_Work item:_ The exact lines of the listing, from its first through the line that contains "Picture of modest", are to make up the answer, and pictures are to be left out.
————
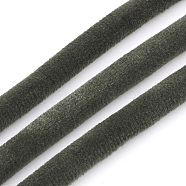Velvet Cord, Dark Slate Gray, 6mm, about 54.68 yards(50m)/bundle(OCOR-T011-05)
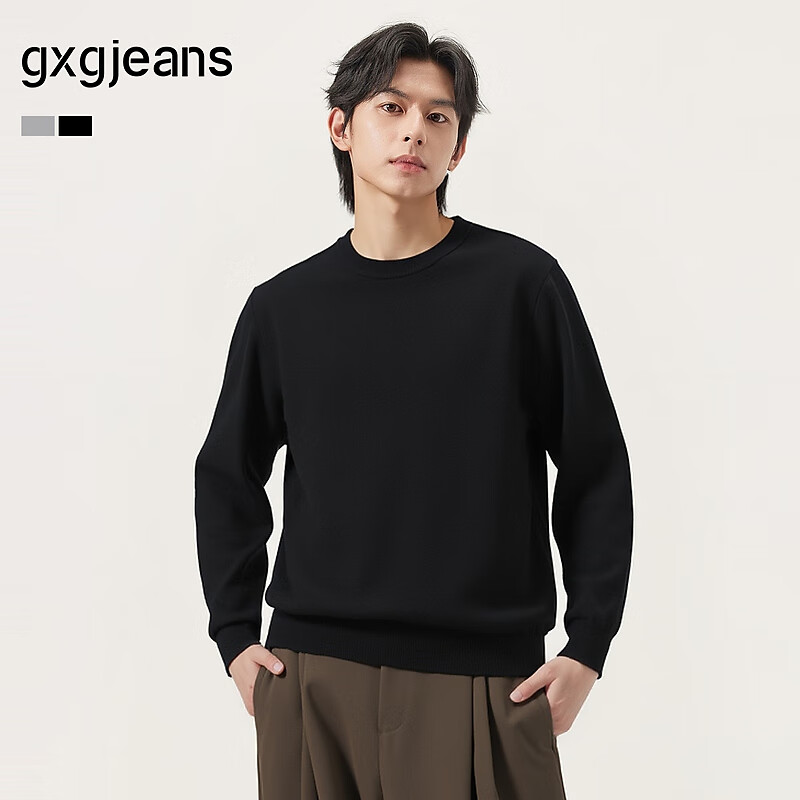 gxg.jeans男装*  多色基础内搭简约打底圆领毛衣线衫男 25年秋新品 黑色 L (175)
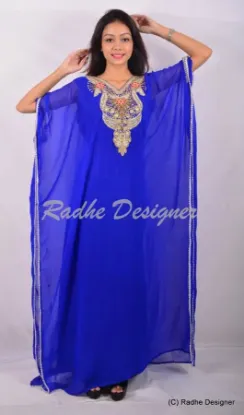 Picture of modest maxi gown moroccan fancy georgette kaftan gold e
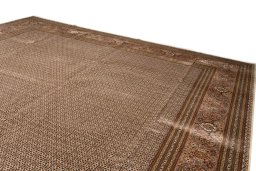 Surface texture of 2018s Tabriz Silk rug with natural Wool and intricate pattern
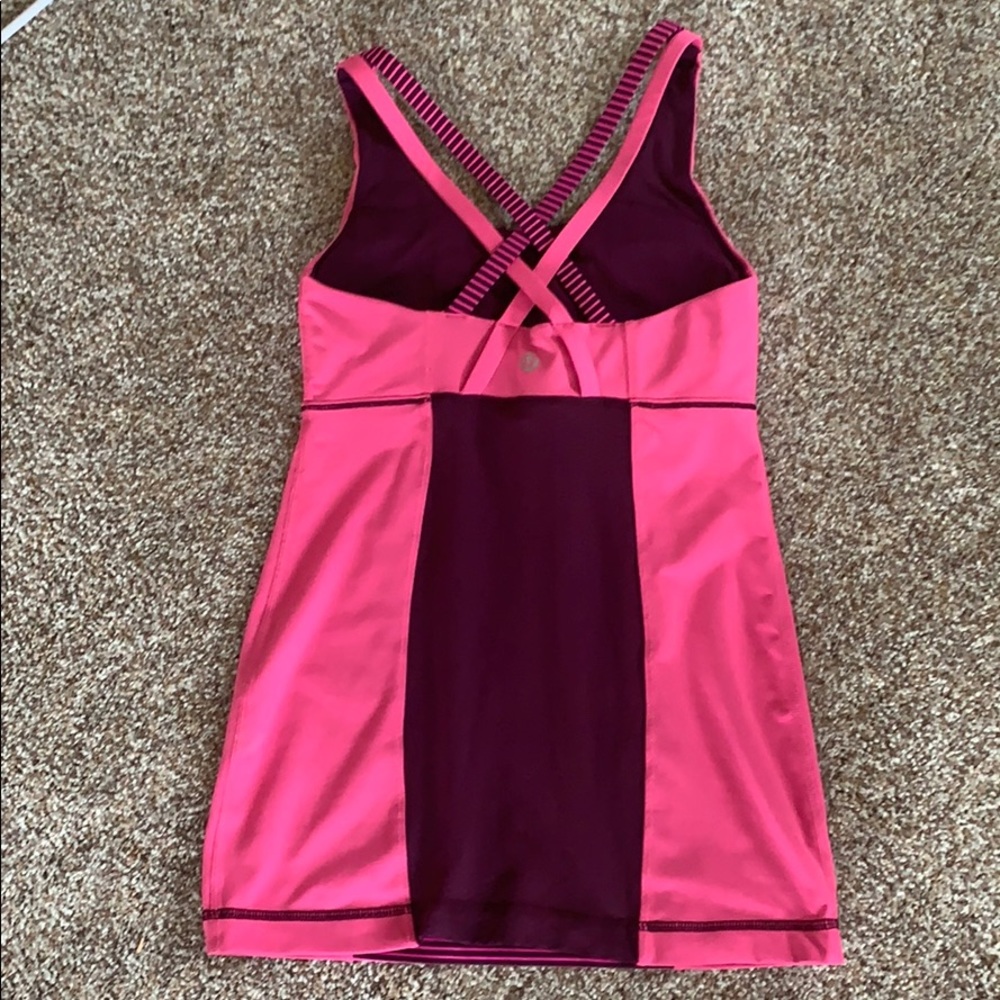 Lululemon Pink & Maroon Stripe Bra-n-Tank Top EUC - Picture 3 of 5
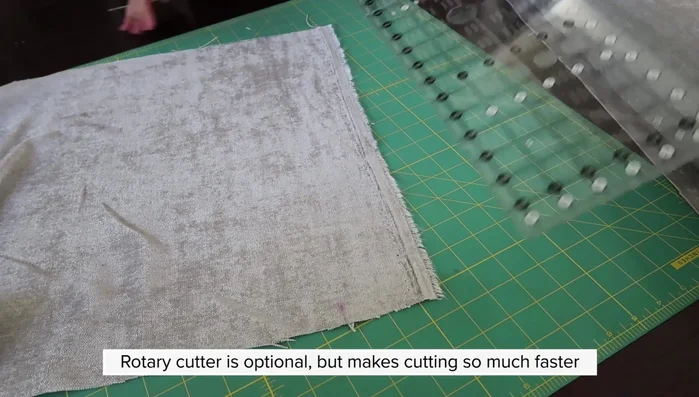 Cut out fabric squares. Add extra fabric for ease (about 2 inches more than the measurement of each side).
————
_Answer box:_
Velvet Cord, Dark Slate Gray, 6mm, about 54.68 yards(50m)/bundle(OCOR-T011-05)
 gxg.jeans男装*  多色基础内搭简约打底圆领毛衣线衫男 25年秋新品 黑色 L (175)
 Picture of modest maxi gown moroccan fancy georgette kaftan gold e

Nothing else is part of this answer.